Tenzin Gyatso was the fifth of sixteen children born to a farming family. He was proclaimed the tulku (an Enlightened lama who has consciously decided to take rebirth) of the 13th Dalai Lama at the age of two.
On 17 November 1950, at the age of 15, he was enthroned as Tibet's ruler. Thus he became Tibet's most important political ruler just one month after the People's Republic of China's invasion of Tibet on 7 October 1950. In 1954, he went to Beijing to attempt peace talks with Mao Zedong and other leaders of the PRC. These talks ultimately failed.
After a failed uprising and the collapse of the Tibetan resistance movement in 1959, the Dalai Lama left for India, where he was active in establishing the Central Tibetan Administration (the Tibetan Government in Exile) and in seeking to preserve Tibetan culture and education among the thousands of refugees who accompanied him.

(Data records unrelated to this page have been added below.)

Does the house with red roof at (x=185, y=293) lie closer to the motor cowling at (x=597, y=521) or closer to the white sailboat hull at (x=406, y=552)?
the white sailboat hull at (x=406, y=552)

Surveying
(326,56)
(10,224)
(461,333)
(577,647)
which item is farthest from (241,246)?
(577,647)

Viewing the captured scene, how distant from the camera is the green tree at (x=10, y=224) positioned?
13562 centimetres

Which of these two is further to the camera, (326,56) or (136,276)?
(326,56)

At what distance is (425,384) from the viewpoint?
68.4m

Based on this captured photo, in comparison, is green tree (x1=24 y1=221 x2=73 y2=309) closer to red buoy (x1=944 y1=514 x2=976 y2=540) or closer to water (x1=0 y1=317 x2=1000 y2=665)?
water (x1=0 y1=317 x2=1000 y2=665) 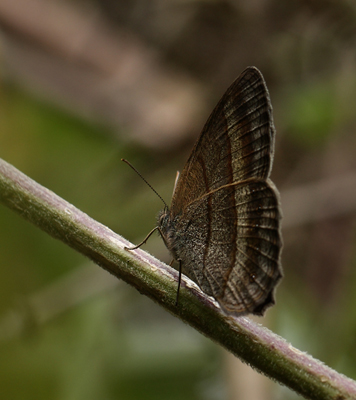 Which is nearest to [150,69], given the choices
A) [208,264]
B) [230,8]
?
[230,8]

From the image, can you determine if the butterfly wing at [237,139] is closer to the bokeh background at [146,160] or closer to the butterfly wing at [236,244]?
the butterfly wing at [236,244]

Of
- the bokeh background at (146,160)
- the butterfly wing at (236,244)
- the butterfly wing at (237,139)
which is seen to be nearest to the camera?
the butterfly wing at (236,244)

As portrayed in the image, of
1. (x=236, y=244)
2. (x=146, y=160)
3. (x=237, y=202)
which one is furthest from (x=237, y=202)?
(x=146, y=160)

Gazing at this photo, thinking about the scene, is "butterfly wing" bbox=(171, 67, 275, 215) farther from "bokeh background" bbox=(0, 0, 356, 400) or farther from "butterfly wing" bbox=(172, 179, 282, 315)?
"bokeh background" bbox=(0, 0, 356, 400)

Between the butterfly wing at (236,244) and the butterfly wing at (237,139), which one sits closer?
the butterfly wing at (236,244)

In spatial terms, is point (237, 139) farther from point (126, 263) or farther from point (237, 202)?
point (126, 263)

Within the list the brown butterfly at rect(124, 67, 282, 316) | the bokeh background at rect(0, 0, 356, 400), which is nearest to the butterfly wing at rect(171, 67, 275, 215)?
the brown butterfly at rect(124, 67, 282, 316)

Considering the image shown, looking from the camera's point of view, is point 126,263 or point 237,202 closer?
point 126,263

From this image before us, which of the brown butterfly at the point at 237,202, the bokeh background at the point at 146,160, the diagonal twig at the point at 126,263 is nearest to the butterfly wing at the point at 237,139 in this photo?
the brown butterfly at the point at 237,202
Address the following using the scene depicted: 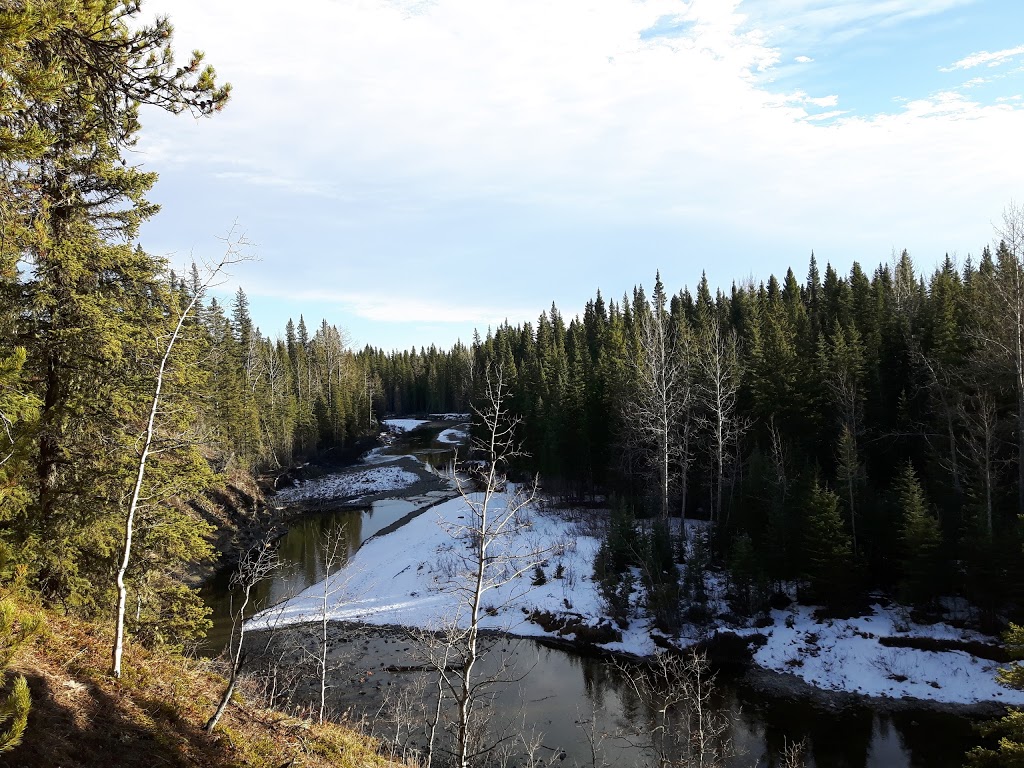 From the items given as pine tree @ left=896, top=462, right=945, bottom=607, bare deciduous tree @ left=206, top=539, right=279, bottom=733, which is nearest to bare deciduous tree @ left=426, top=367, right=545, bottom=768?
bare deciduous tree @ left=206, top=539, right=279, bottom=733

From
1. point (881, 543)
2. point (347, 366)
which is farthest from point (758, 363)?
point (347, 366)

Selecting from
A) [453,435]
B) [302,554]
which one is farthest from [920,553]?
[453,435]

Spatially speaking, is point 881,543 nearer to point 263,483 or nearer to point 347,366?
point 263,483

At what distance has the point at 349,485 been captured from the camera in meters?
54.0

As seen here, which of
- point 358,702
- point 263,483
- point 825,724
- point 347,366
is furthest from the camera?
point 347,366

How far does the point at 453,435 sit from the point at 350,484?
30440 mm

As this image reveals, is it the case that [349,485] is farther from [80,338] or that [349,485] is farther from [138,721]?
[138,721]

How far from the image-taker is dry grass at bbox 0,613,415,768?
7172 millimetres

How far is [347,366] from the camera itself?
96188 millimetres

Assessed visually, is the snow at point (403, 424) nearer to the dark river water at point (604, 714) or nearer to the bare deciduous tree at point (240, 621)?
the dark river water at point (604, 714)

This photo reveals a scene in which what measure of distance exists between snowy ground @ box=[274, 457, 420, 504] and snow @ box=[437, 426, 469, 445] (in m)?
19.1

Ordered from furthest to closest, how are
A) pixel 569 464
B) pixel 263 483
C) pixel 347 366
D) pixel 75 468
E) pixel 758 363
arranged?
pixel 347 366 < pixel 263 483 < pixel 569 464 < pixel 758 363 < pixel 75 468

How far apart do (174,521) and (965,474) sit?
3203 centimetres

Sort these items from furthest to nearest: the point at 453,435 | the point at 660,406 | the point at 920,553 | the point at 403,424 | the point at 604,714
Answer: the point at 403,424 → the point at 453,435 → the point at 660,406 → the point at 920,553 → the point at 604,714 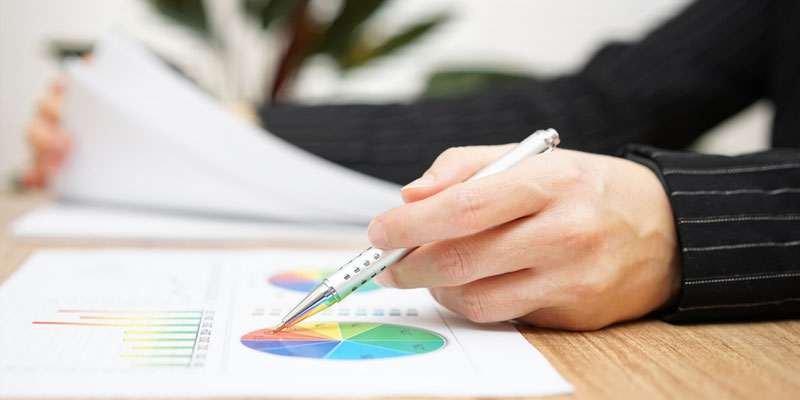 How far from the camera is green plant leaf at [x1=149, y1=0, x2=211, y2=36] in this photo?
134 cm

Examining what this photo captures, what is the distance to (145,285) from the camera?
17.9 inches

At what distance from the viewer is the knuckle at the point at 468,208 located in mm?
A: 343

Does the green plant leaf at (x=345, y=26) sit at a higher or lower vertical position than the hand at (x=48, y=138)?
higher

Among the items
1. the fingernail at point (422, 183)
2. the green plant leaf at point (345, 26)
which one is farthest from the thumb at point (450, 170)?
the green plant leaf at point (345, 26)

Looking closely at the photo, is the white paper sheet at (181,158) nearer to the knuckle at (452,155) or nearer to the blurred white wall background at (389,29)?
the knuckle at (452,155)

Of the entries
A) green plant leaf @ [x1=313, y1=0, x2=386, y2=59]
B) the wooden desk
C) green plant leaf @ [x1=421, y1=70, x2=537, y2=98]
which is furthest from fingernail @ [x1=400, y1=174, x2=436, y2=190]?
green plant leaf @ [x1=313, y1=0, x2=386, y2=59]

Tenzin Gyatso is a charismatic figure and noted public speaker. This Dalai Lama is the first to travel to the West. There, he has helped to spread Buddhism and to promote the concepts of universal responsibility, secular ethics, and religious harmony.
He was awarded the Nobel Peace Prize in 1989, honorary Canadian citizenship in 2006, and the United States Congressional Gold Medal on 17 October 2007.
I've decided to read the non-fiction books collecting dust on my mother's bookshelves, and this was the first one I picked up. The Dalai Lama's approach to ethics for a new millennium is centered on love and compassion -- while the book aims to be non-religious, his perspectives on ethics and morality clearly draw from core tenets of Buddhism. I appreciated how much the book centered celebrating community and forms of kinship with the natural world. I was surprised by the focus on climate change; it is promising to read that religious leaders have cared about and expressed concern towards the state of the environment since the start of the 2000s. I also did not know how anti-militarization the Dalai Lama is! In this book, he calls for the disarmament of military forces across the world. While he draws short of calling for the abolishment of the police, he nonetheless critiques the heavy militarization of what he views to be the protectors of justice.
I found myself agreeing with the book on multiple occasions, and think that the book offers a lot for readers to learn about centering love, honesty, and compassion in every action.